Because Grandma was always there: a rock that didn’t move even when everything around her did. Her home, the home in which she was still living at the age of ninety-seven, was the place you went back to for holidays or for family get-togethers. She’d have the Snickerdoodles baked for you, would serve you tamale pie. For breakfast she’d have these Swedish coffeecakes that were like heaven in your mouth. She was always glad to see you.

Grandma’s snickerdoodle recipe
At various points over the years, when family members were in transition or crisis of one kind or another, she’d give up the spare room and welcome them home. Coming home was like entering a museum of your own life; the walls of her home were plasted with framed photos, and she created volume upon volume of photo albums, carefully documenting the lives of her four kids and grandkids and great-grandkids. And in her own quiet, understated way, she had your back – always. It was a family joke that if you said anything critical of Grandma’s kids, she would never forget. Her kids and their kids were her raison d’être. She believed in them – us – fiercely, always seeing potential.

Grandma and her kids, 2008
Others were the recipient of her kindness, too. Every Christmas, she’d put together baggies of homemade cookies for the Arrowhead water delivery man, the postal carrier, the men who picked up her garbage. At her celebration of life last weekend, I met her next door neighbors, who moved in last year from out-of-state. They told me that Grandma had come over and said she wanted to host a coffee for them, so they could get to know the neighbors. “We were so touched,” said the wife. “No one does that kind of thing anymore, but your grandmother did.” At age ninety-six, she was still spreading the welcome in the way she knew best: with homemade cookies and an open door.
And Grandma had a great sense of humor too. She was a huge fan of the Martha Stewart show years ago and watched it religiously. When Martha was arrested for insider trading, Grandma was indignant. She proudly wore an apron my uncle had bought her: FREE MARTHA it said on the front. Seeing that slogan on my gray-haired eighty-something grandmother was a sight that will always make me smile.
But though Grandma was so many things to so many people, she was the most modest person you can imagine. And I’ve been thinking about how she represented the polar opposite of the selfie culture of today, in which we put ourselves out there constantly, hungry for recognition and approval and likes. Grandma didn’t need recognition and approval and likes. The doing of a thing was its own reward. She lived quietly, happy with her home and garden and family. She didn’t need or want anything more. It strikes me that this is an increasingly rare quality.
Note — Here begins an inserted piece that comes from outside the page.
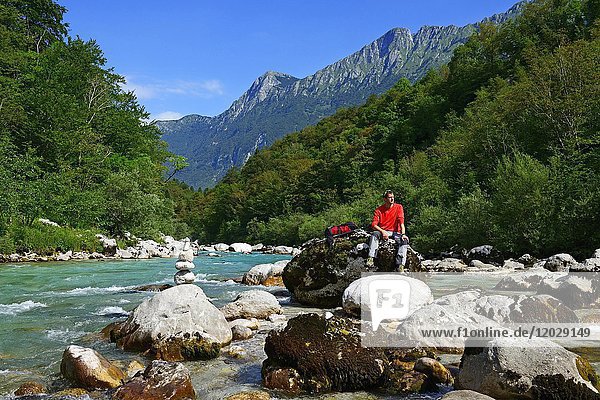 Hikers resting at the river Soca  near Kobarid  Slovenia  Europe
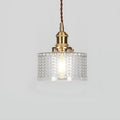 Round glass pendant light with textured shade and brass fitting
Moving into her new house, 1961
To see everyone who gathered last weekend was quite something. More than eighty-five people came to her home, the small happy home in which she lived for fifty-five years, the home in which she died. We shared food and stories and memories and laughs and tears. And Grandma’s spirit was so very much there; alive, actually, in all the people who were shaped by her example and absorbed the lessons she quietly taught.
So no: she didn’t make a lot of money or have an impressive degree or a long resume. But she did make a home that, for decades, has been a place of peace and welcome. She had four children whose devotion to her knew no bounds and grandchildren and great-grandchildren who loved her more than they could put into words. And in a changing world where image is often valued over substance, she showed everyone the power of quiet dignity and concrete acts of kindness, done simply because they are the right thing to do.
I love you, Grandma. Thank you.

On Grandma’s fridge, in her writing: “When God measures a man he puts the tape around the heart — not the head.”